Intervención de don Joaquín Díaz, etnógrafo

La primera vez que se me pidió una carta de apoyo a la candidatura de Miguel Delibes para el premio Nobel se me ocurrió pensar si entre los miembros de la Academia Sueca habría alguno que fuese cazador. Imaginaba yo que con esa premisa les resultaría más fácil entender y valorar la obra de Delibes: el buen cazador es observador agudo, tiene excelente vista y aceptable puntería, y además necesita como el vivir sentarse a reflexionar mientras consume un buen almuerzo. Muchos personajes de la obra de Delibes, salidos de esa perspicacia y de esa meditación, merecían por supuesto estar en la orla de arquetipos universales y su comportamiento, independientemente del paisaje, había convencido y emocionado a japoneses, a polacos, a rusos y a cualquier habitante del planeta que sintiera como el escritor alguna preocupación por el ser humano y su entorno vital.

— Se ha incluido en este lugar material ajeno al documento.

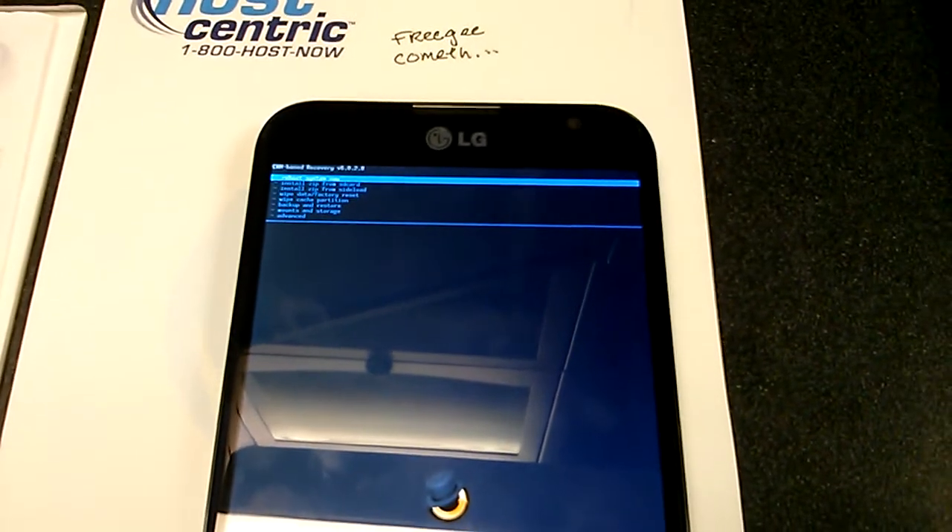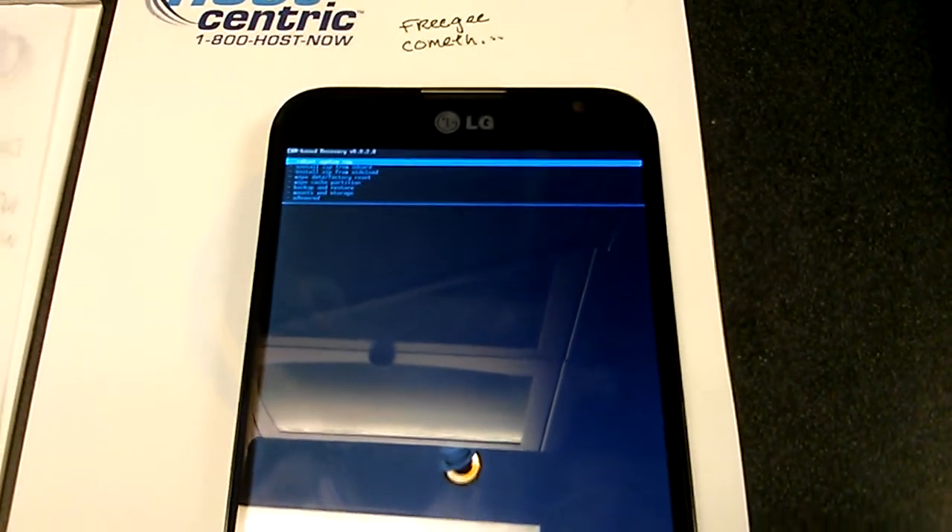Ta-da! There we go. Now the next step is to port Loki, and you guys will have a completely unlocked phone.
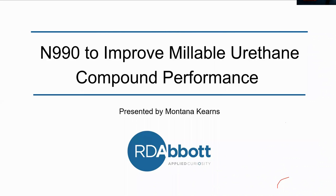I'm Montana and I'm still at UCSB. Today I'll be presenting to you on N990 to improve millable urethane compounds.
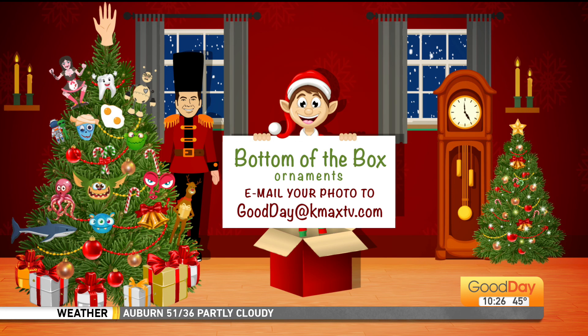We still got ink, John. We still got ink. Will we accept 'BOT-BEE' in the subject line? BOT-BEE. Yeah, make sure you send those in so that we can place them on our fabulous Bottom-of-the-Box tree. We've got more Good Day coming up after the break.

Delibes siempre observó al individuo y sus costumbres con la distancia de un antropólogo, describiendo su conducta sin enjuiciarla; pero, lejos de la frialdad del científico, Delibes nos acercaba al lado humano de sus personajes de modo que uno llegaba a sentir simpatía o debilidad por ellos. Es verdad que no nos explicaba cómo habían recibido los conocimientos especializados de que hacían gala, ni se entretenía tampoco en hacer una apología de ellos: le bastaba con entregarnos esa instantánea perfecta en la que inadvertidamente se transmitía un sentimiento de admiración hacia unos individuos que poseían una sabiduría peculiar; algo que los demás no teníamos.

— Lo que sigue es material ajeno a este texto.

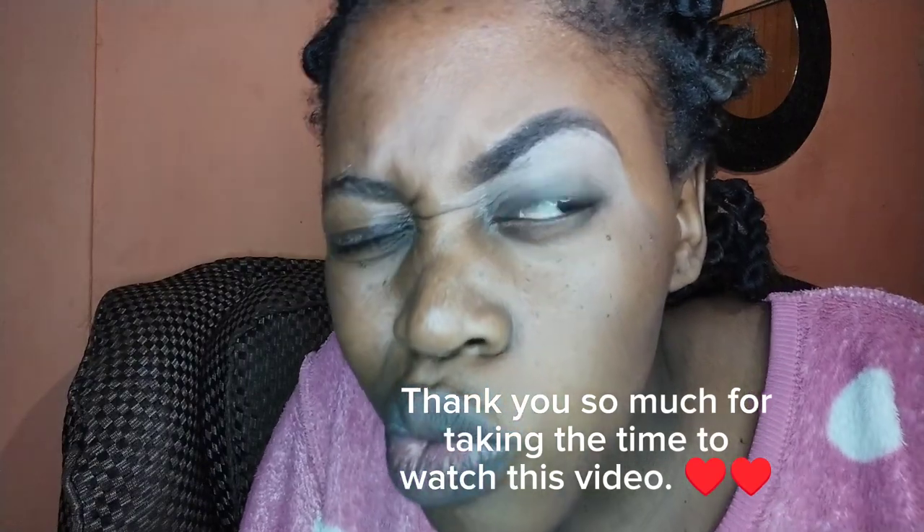And then I just use a brush to finish. That's it guys — this is how you get this nice look for your eyebrows, this is how you shape your brows. If you have any questions, please leave them in the comment section and I'll be glad to answer you.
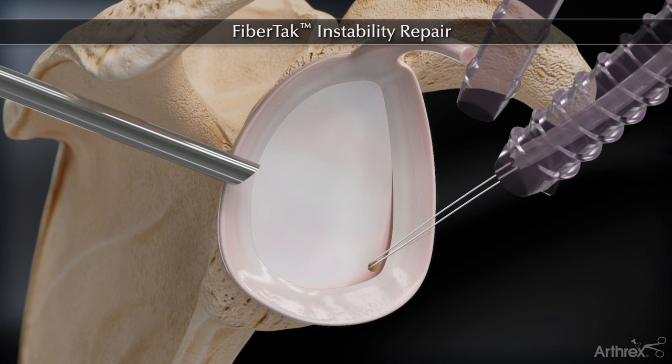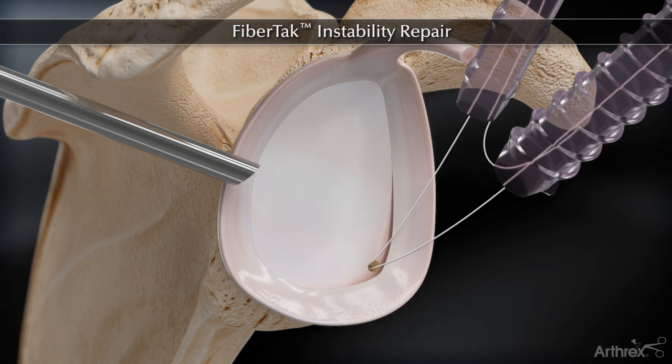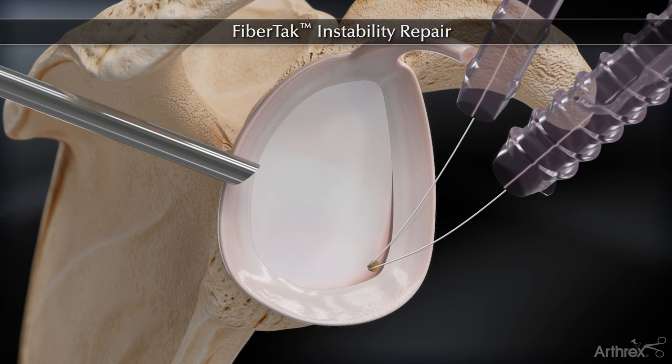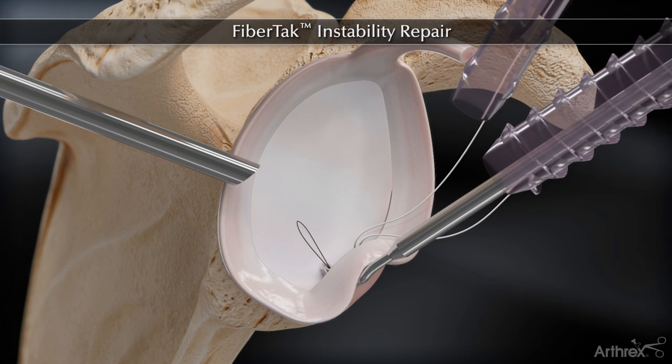One end of the suture tape is retrieved out of the anterior superior portal with a suture retriever. The suture tape is then passed through the labrum using a quick-pass suture lasso.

El aire de superioridad que adopta la Domi en “El príncipe destronado”, por ejemplo, cuando observa a su pequeño público hipnotizado por su interpretación del romance de la “Rosita encarnada”, es el paradigma del narrador que conoce su poder de comunicación y sabe que radica tanto en lo que está transmitiendo como en el tono en que lo dice. Hay por consiguiente en ello una especialización: si alguien desea una mesa, acude al carpintero; si lo que quiere es una reja, al herrero. ¿Dónde se acude si lo que se desea escuchar es la propia historia, el patrimonio antiguo y nuevo a la vez? Sin duda al narrador especializado. Otra cuestión es si hoy están de moda esas narraciones rurales o de personajes del campo, probables perdedores hace ya tiempo en una sociedad que los acepta y valora con dificultad. Carlos García Gual me comentaba hace años su admiración por el tono tan acertado de “El hereje”. Por distintos caminos llegábamos a la similar conclusión de que la novela histórica funciona mejor cuando el protagonista es un perdedor, alguien a quien las circunstancias empujan, zarandean e inmolan finalmente en las aras de lo útil, de lo conveniente o de lo necesario (léase inútil, inconveniente e innecesario). Nuestra sociedad no admite tipos así, pero los tiene a montones y no por casualidad. Ahora, como hace miles de años cuando se crearon y desarrollaron los mitos, la humanidad está del lado del que sufre, del que tiene carencias, de quien pierde hasta el bien más preciado –la vida-, empujado una y otra vez por esta o aquella mano que le obliga a subir atropelladamente las escaleras definitivas del patíbulo.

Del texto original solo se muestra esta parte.